**Extracted records**
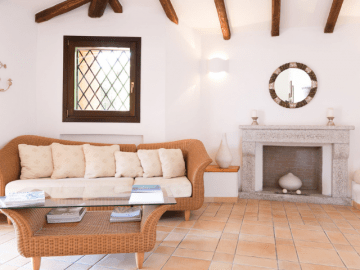 sardinie luxe villas - villa tundi - sardinia4all (30).png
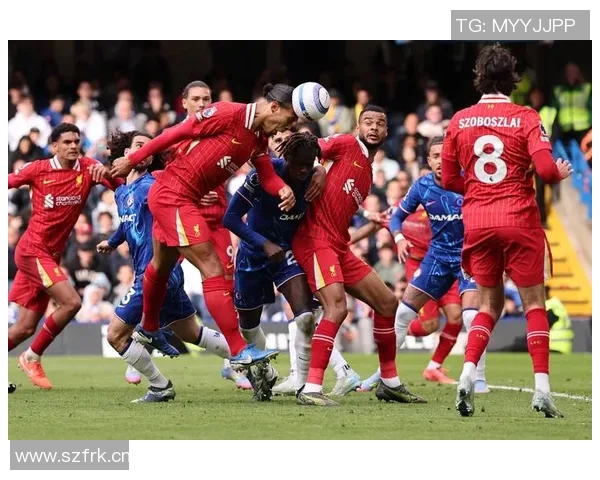 冬季转会市场最贵球员榜单揭晓库鸟恩佐范戴克DV9领衔前四名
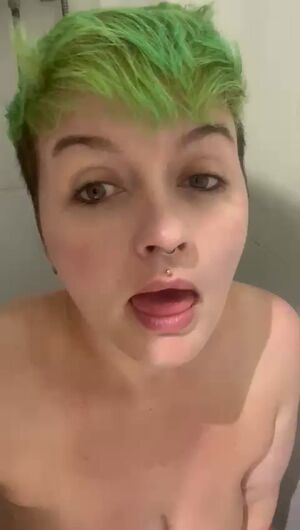 Peeing Piss Pissing Puppy Watersports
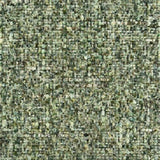Maxwell STORROW #606 MOSS Upholstery Fabric
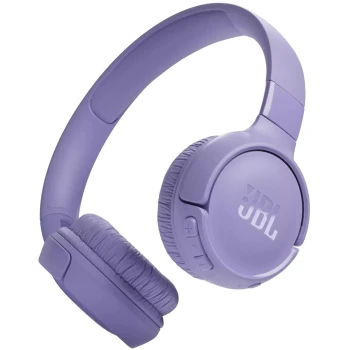 Гарнитура JBL Tune 520BT, Purple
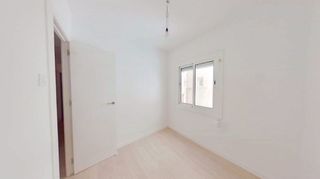 Piso en venta en Sant Jordi - Can Mas en Ripollet
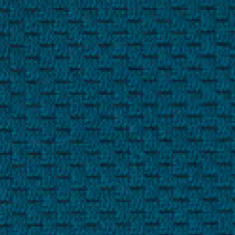 Artspect Kancelářská židle Paro_plus net 5210-103 - Tm.modrá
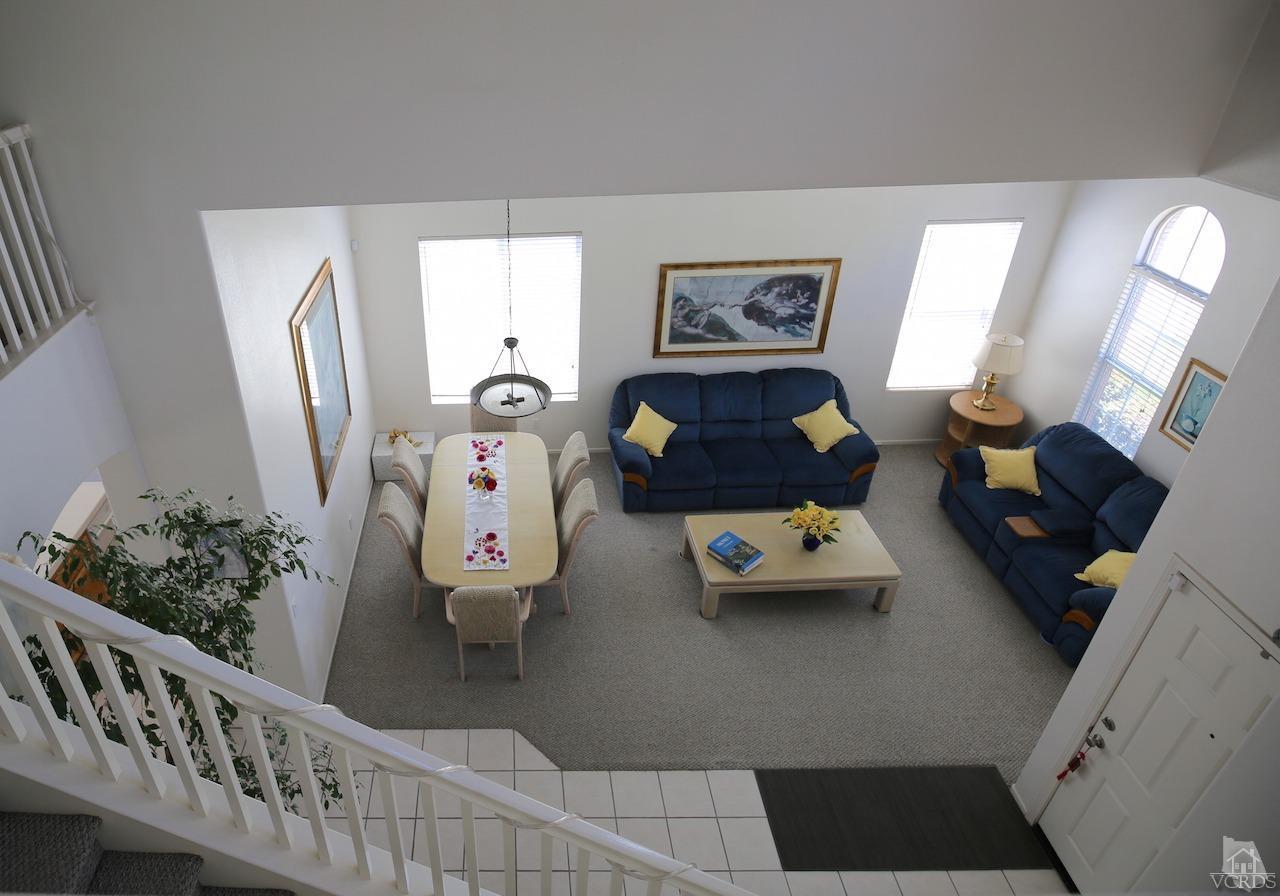 708 Navito Way Oxnard, CA 93030 - Photo 21 of 25 Additional Photo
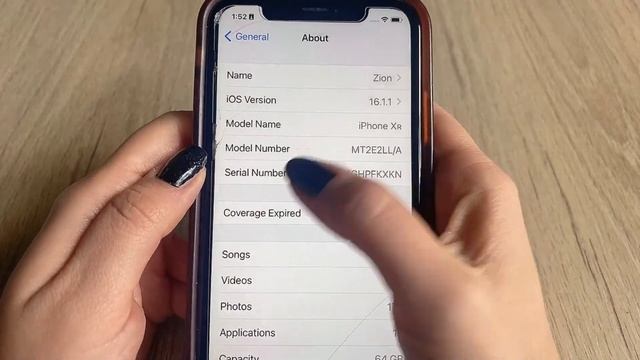 how to unlock all places in toca life world for FREE! смотреть онлайн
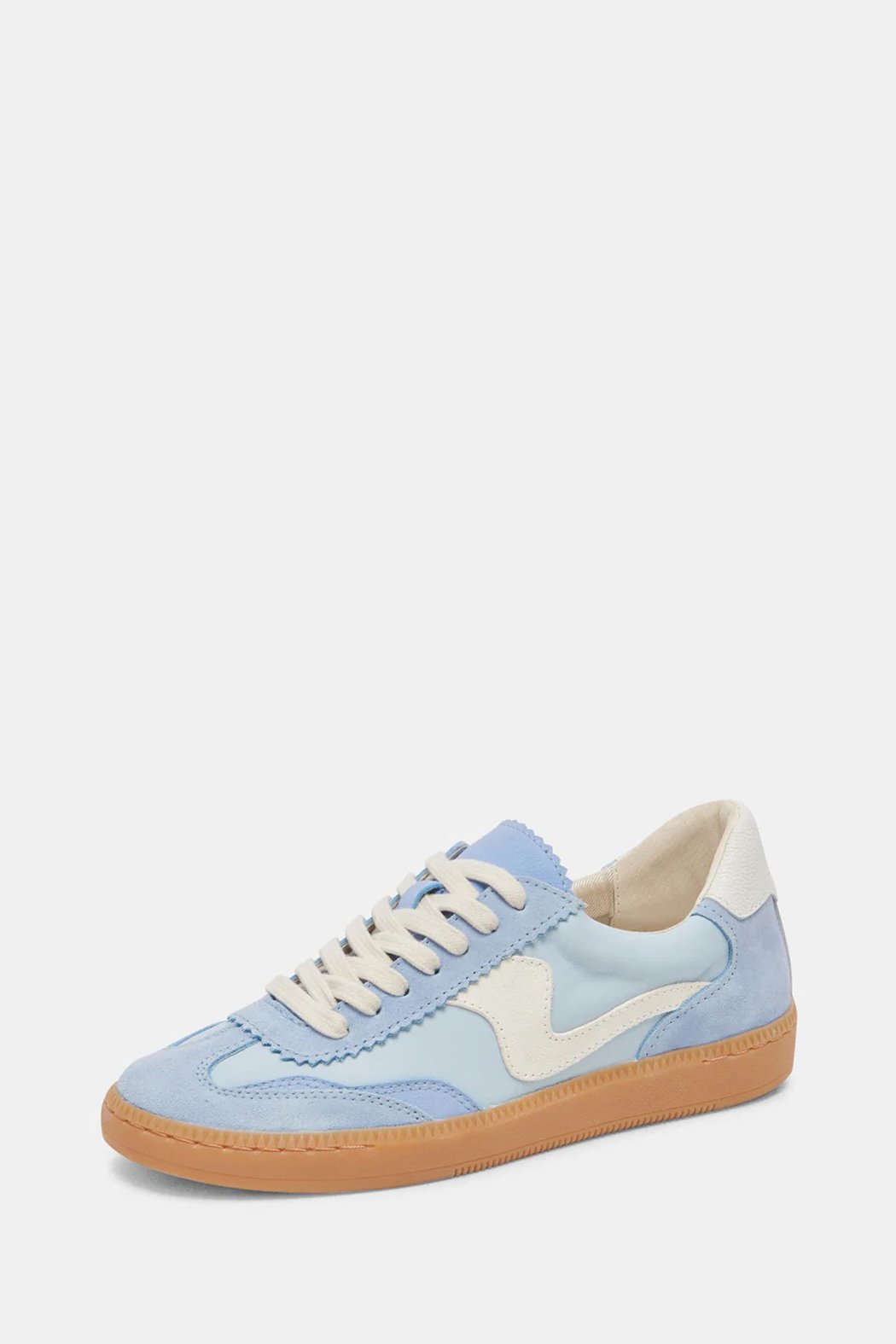 Notice Sneaker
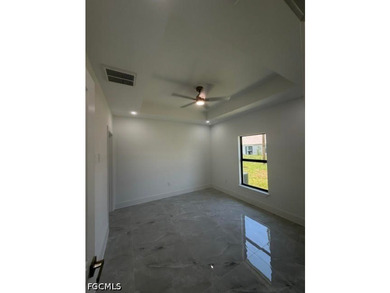 CITY WATER AND SEWER WITH ALL ASSESSMENTS PAID IN FULL - photo 7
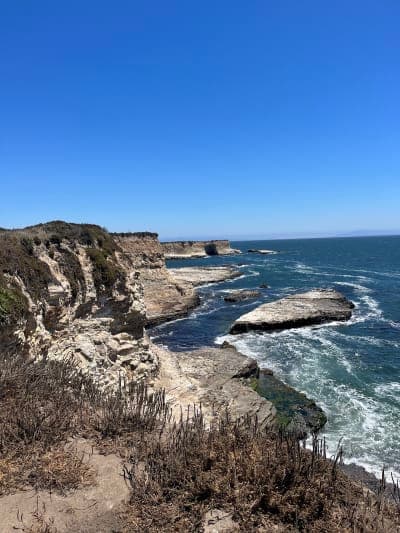 Wilder Ranch State Park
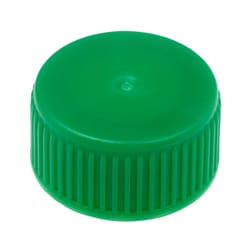 CELLTREAT Scientific Products CAP ONLY, 15mL Centrifuge Tube Cap, Sterile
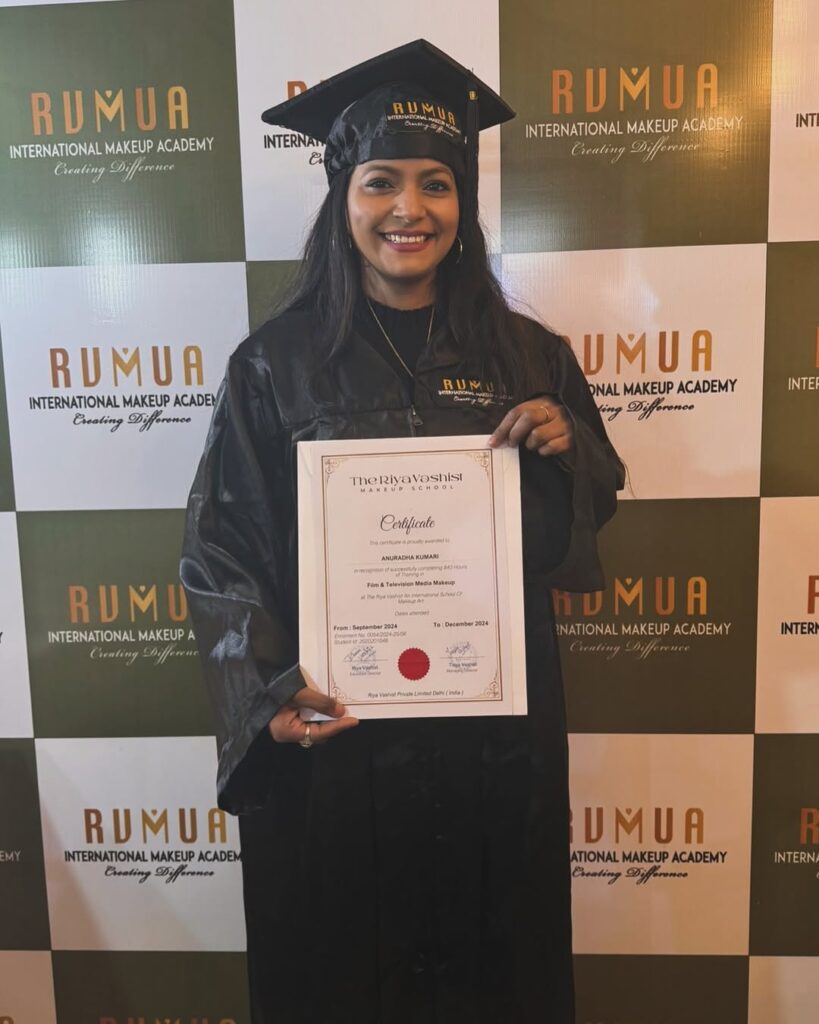 Riya-Vashist-Academy-student-certification
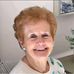 Lucille P. Moss - Facebook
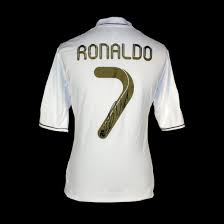 Real madrid 2017/2018 jersey font. Real Madrid Kit Font Forum Dafont Com
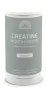 Mattisson Creatine monohydraat poeder creapure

**Required work**
The line containing "CITY WATER AND" and all lines after it, through the last line of the records, should be returned exactly. Omit the pictures.

**Exercise result**
 CITY WATER AND SEWER WITH ALL ASSESSMENTS PAID IN FULL - photo 7
 Wilder Ranch State Park
 CELLTREAT Scientific Products CAP ONLY, 15mL Centrifuge Tube Cap, Sterile
 Riya-Vashist-Academy-student-certification
 Lucille P. Moss - Facebook
 Real madrid 2017/2018 jersey font. Real Madrid Kit Font Forum Dafont Com
 Mattisson Creatine monohydraat poeder creapure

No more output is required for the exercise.